-------- Information shown --------

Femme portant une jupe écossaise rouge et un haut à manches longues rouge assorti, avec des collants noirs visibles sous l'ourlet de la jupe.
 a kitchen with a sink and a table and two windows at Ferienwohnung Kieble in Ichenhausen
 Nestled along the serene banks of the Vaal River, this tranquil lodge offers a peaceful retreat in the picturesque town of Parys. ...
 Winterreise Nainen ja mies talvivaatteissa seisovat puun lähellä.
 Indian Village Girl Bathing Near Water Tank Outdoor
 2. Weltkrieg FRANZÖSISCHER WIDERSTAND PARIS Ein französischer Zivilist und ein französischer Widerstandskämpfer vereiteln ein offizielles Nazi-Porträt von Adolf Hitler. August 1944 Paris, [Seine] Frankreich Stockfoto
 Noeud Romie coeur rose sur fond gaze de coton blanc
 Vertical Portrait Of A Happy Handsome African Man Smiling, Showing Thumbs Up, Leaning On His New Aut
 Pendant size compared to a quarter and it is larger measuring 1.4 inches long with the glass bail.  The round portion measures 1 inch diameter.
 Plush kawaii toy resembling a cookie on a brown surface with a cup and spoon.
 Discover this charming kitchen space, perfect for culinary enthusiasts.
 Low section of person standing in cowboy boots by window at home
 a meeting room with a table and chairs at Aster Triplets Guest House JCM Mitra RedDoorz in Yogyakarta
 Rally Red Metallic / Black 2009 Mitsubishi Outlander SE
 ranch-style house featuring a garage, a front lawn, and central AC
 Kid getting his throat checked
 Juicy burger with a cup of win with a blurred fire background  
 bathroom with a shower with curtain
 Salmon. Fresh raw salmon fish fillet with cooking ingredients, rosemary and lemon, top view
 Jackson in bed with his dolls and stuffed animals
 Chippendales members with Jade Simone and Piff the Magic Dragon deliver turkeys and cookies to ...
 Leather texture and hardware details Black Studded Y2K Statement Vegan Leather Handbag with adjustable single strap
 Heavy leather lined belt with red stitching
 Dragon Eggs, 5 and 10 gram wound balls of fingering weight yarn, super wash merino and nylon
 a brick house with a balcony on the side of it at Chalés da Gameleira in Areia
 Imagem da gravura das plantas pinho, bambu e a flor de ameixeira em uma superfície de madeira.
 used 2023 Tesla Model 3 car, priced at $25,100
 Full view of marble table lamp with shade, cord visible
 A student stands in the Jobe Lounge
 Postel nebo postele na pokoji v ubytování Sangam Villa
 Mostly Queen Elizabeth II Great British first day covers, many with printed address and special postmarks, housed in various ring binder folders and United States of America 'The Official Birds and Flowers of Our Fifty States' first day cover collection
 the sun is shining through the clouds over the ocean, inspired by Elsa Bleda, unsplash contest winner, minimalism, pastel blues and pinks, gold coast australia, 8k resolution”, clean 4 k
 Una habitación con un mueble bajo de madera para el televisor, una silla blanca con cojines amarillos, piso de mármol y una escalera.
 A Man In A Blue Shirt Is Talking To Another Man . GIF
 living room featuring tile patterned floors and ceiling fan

--------

Your assignment
From the first line of the data above through the line containing "Noeud Romie coeur", repeat each line exactly, and add nothing.

Exercise response
Femme portant une jupe écossaise rouge et un haut à manches longues rouge assorti, avec des collants noirs visibles sous l'ourlet de la jupe.
 a kitchen with a sink and a table and two windows at Ferienwohnung Kieble in Ichenhausen
 Nestled along the serene banks of the Vaal River, this tranquil lodge offers a peaceful retreat in the picturesque town of Parys. ...
 Winterreise Nainen ja mies talvivaatteissa seisovat puun lähellä.
 Indian Village Girl Bathing Near Water Tank Outdoor
 2. Weltkrieg FRANZÖSISCHER WIDERSTAND PARIS Ein französischer Zivilist und ein französischer Widerstandskämpfer vereiteln ein offizielles Nazi-Porträt von Adolf Hitler. August 1944 Paris, [Seine] Frankreich Stockfoto
 Noeud Romie coeur rose sur fond gaze de coton blanc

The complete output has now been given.